リフォーム会社の選び方を間違えると、賃貸経営の収益は大きく損なわれます。
同じ工事内容でも、業者によって見積額が2〜3割違うことは珍しくありません。
さらに、工事の質・対応スピード・アフター対応にも大きな差があります。
「管理会社に紹介された業者にそのまま依頼する」「ネット検索で上位に出てきた会社を選ぶ」というやり方では、本当にコスパの良い業者にはたどり着けません。
リフォーム会社選びは、物件選び・管理会社選びと並んで、長期的な収益に直結する重要な意思決定です。

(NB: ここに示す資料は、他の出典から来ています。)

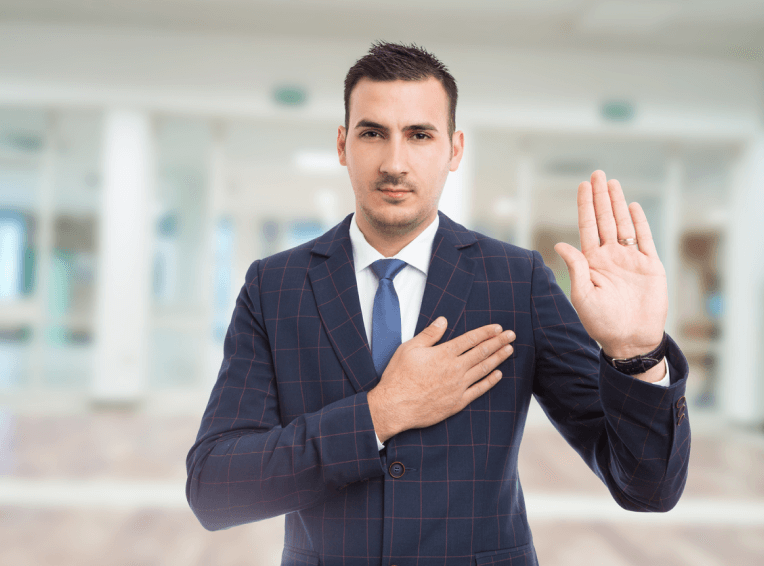 Man in suit taking an oath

この記事では、信頼できるリフォーム会社を見極めるためのポイントと、契約前に確認すべき項目を実務目線で整理します。

リフォーム会社の主な種類
リフォーム業者には複数のタイプがあり、それぞれ得意分野やコスト構造が異なります。
まず、業者のタイプを理解しておくことで、自分の工事に最適な選択肢が見えてきます。
| 業者タイプ | 特徴 | 向いている工事 |
|---|---|---|
| 大手リフォーム会社 | 対応範囲広・アフター充実・価格高め | 大規模リフォーム・初心者向き |
| 地域密着型工務店 | 柔軟対応・職人直接管理・価格中 | 築古物件の改修・中規模工事 |
| 専門工事業者 | クロス・水回り等の専門特化・価格安 | 単一工種の工事 |
| 不動産業者の紹介業者 | 仲介マージン上乗せ・対応スピード重視 | 緊急性のある修繕 |
| マッチングサイト経由 | 複数業者から見積比較・品質差大 | 比較検討のための情報収集 |
賃貸経営のリフォームでは、地域密着型工務店や専門工事業者と直接取引することで、中間マージンを抑えつつ柔軟な対応を得られることが多くなります。
大手リフォーム会社は安心感がある一方、価格は高めです。
「最初は大手で経験を積み、慣れてきたら地域業者に切り替える」というステップを踏むオーナーも多くいます。
信頼できる業者を見極める6つのポイント
リフォーム業者を選ぶ際に確認すべきポイントは、大きく6つあります。
これらをチェックすることで、明らかに問題のある業者を避けられます。
| 確認ポイント | 具体的な確認内容 |
|---|---|
| ① 建設業許可の有無 | 500万円超の工事を扱うなら建設業許可必須 |
| ② 賃貸物件の施工実績 | 投資用物件のリフォーム経験があるか |
| ③ 見積書の詳細度 | 項目別・数量・単価が明記されているか |
| ④ 現地調査の丁寧さ | 現場を見ずに見積もる業者は避ける |
| ⑤ アフター対応・保証内容 | 工事後の不具合対応が書面化されているか |
| ⑥ 担当者のコミュニケーション | 説明が分かりやすいか・レスポンスが早いか |
とくに重要なのは、見積書の詳細度です。
「クロス張替え一式 〇〇万円」とだけ書かれた見積書は要注意です。
項目・数量(㎡数や箇所数)・単価が明示されていない見積書は、後で追加請求や手抜き工事のリスクが高まります。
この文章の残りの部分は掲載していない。